### Information supplied
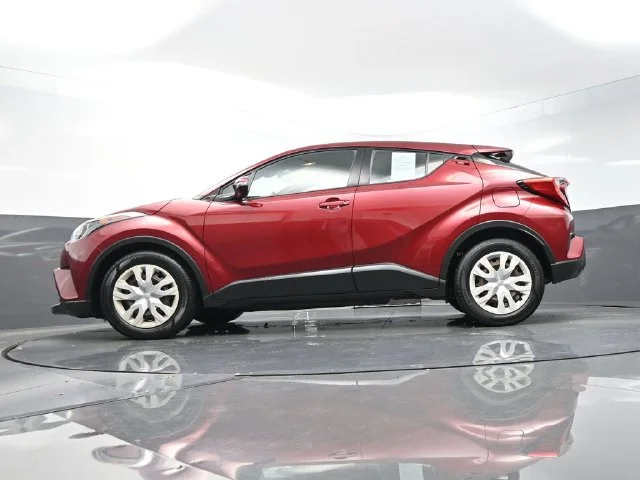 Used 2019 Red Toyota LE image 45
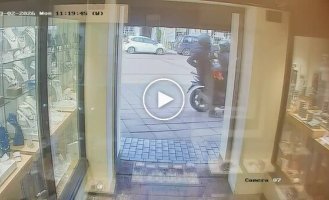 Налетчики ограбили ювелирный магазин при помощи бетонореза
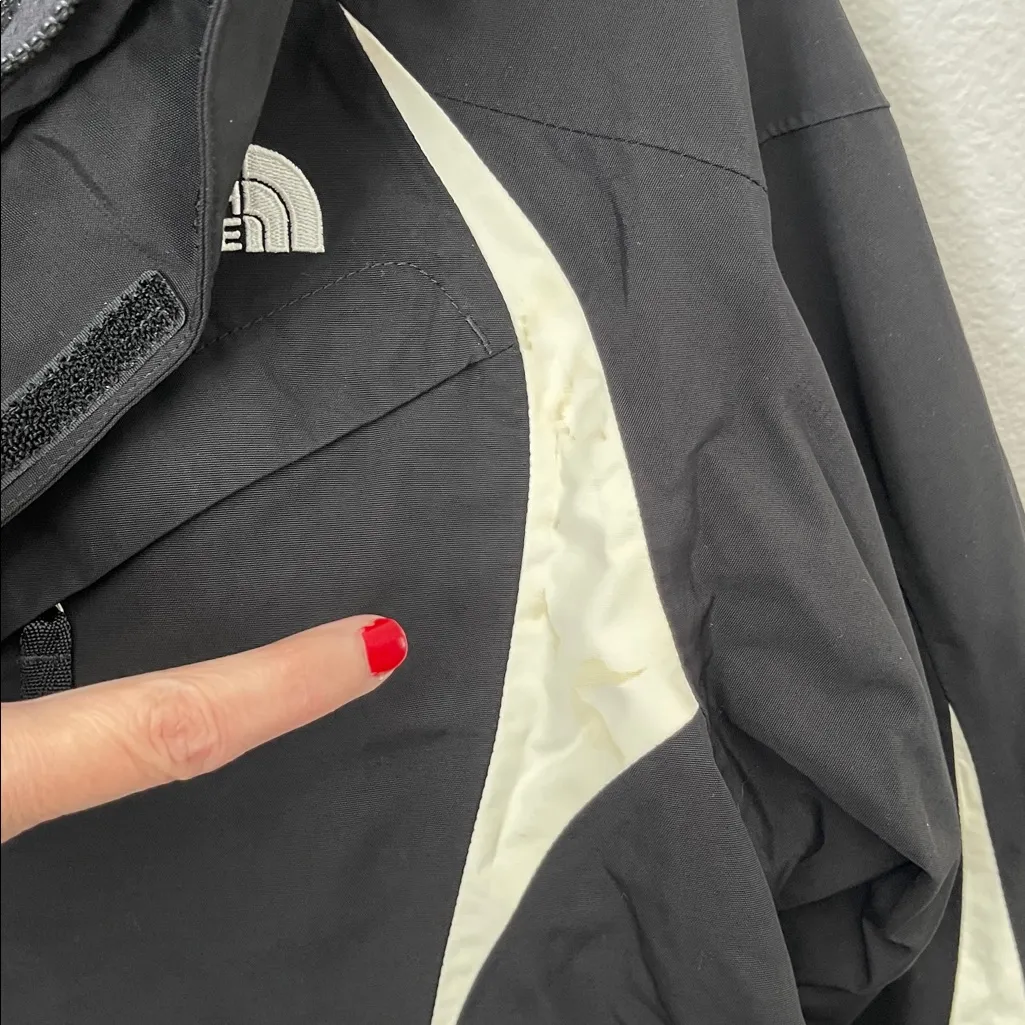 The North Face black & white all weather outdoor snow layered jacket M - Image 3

### What is being asked
For this exercise, reproduce the data above exactly from the line containing "Налетчики ограбили ювелирный" through its final line, both ends included, with no pictures in the copy.

### Solution to the exercise
 Налетчики ограбили ювелирный магазин при помощи бетонореза
 The North Face black & white all weather outdoor snow layered jacket M - Image 3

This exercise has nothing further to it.